Two Sundays ago, I addressed this issue of anxiety. I did so because Jesus did in Matthew 6:25-24. After challenging us to only treasure God in the verses prior (19-24), here he says we must also cast off anxiety by trusting God. After all, as Christians God is our heavenly Father who greatly cares for us. Yes, he takes care of birds and lilies, but he cares so much more for his image-bearers—especially those who are His children through faith in Christ.

This doesn’t mean God exists for our “wealth” or “best life,” as prosperity teachers of our day wrongly dupe people to believe. No, he looks to meet our necessities—and of course even then his definition of what we need may differ from ours. But make no mistake, God loves his children and is fully worthy of our trust in Him.
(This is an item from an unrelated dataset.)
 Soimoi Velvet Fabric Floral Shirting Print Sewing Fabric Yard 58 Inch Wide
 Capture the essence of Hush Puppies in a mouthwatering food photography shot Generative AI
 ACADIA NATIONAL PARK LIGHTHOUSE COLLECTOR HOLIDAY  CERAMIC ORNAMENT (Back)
When beginning to give in to our anxieties, we should instead turn our thoughts and prayers to God, the Provider and Sustainer of our lives.

That’s plenty of review from the sermon. If I keep going, I might give you the temptation for more anxiety! ☺ Instead, I want to focus on the last verse of this section: “Therefore do not be anxious about tomorrow, for tomorrow will be anxious for itself. Sufficient for the day is its own trouble” (v.34).

This closing verse on anxiety from our Lord has a different feel to it, doesn’t it? It’s less theological and more pragmatic than the previous verses. You might even say it’s a tad pessimistic, or at least more realistic. Why is this? Because it is frank about the “trouble” that each day we live presents us with: “Sufficient for the day is its own trouble.”

Every one of you reading this (and myself as well) feel the reality of this “trouble.” In fact, it’s the “trouble” of our daily lives that often feeds our anxiety. The sleep that we lose centers around the thought of today or tomorrow’s troubles. But here’s where our Lord stoops down and gives us additional help to meet us in our weakness. He reminds us that getting wrapped up in tomorrow’s temptations to worry only doubles up your worries for today. And I tell you what, if we take even just today’s troubles in our own strength without looking to the Lord, we will be buried—let alone adding tomorrow’s as well. So why take on tomorrow’s, too?

Now this doesn’t preclude times where you have to plan for what you’ll do tomorrow (or the next day). Certainly we make plans and do what we can to do prepare for tomorrow. But on the other hand, we can’t live tomorrow today. And God’s grace for tomorrow will only be given to us—surprise, surprise—tomorrow!

SO beloved, let us live our daily lives truly in the present day we’re living. Don’t succumb to anxiety for things you can’t control (whether they’re tomorrow or today). Yes, if you have something you’re responsible for doing in front of you, do it relying on the Lord’s help (see 1 Peter 4:11). This is not a call to passivity! It is a call to faith in the Lord—to going forward with each day’s “troubles” looking to Him for the grace, wisdom, and skill needed.

If the stress that’s mounting inside of you is outside of your ability to remedy, then look to the Lord in prayer. As Peter speaks of in His first letter, “Cast your cares upon Him for He cares for you” (1 Peter 5:7, also Phil. 4:4-7). And after you’ve done that? Go to sleep! After all, the One who is in control of all things and able to do all things according to His good character and His wise plans is not sleeping! He who watches over you will never slumber nor sleep (see Ps. 121:4). And He is worthy of our trust.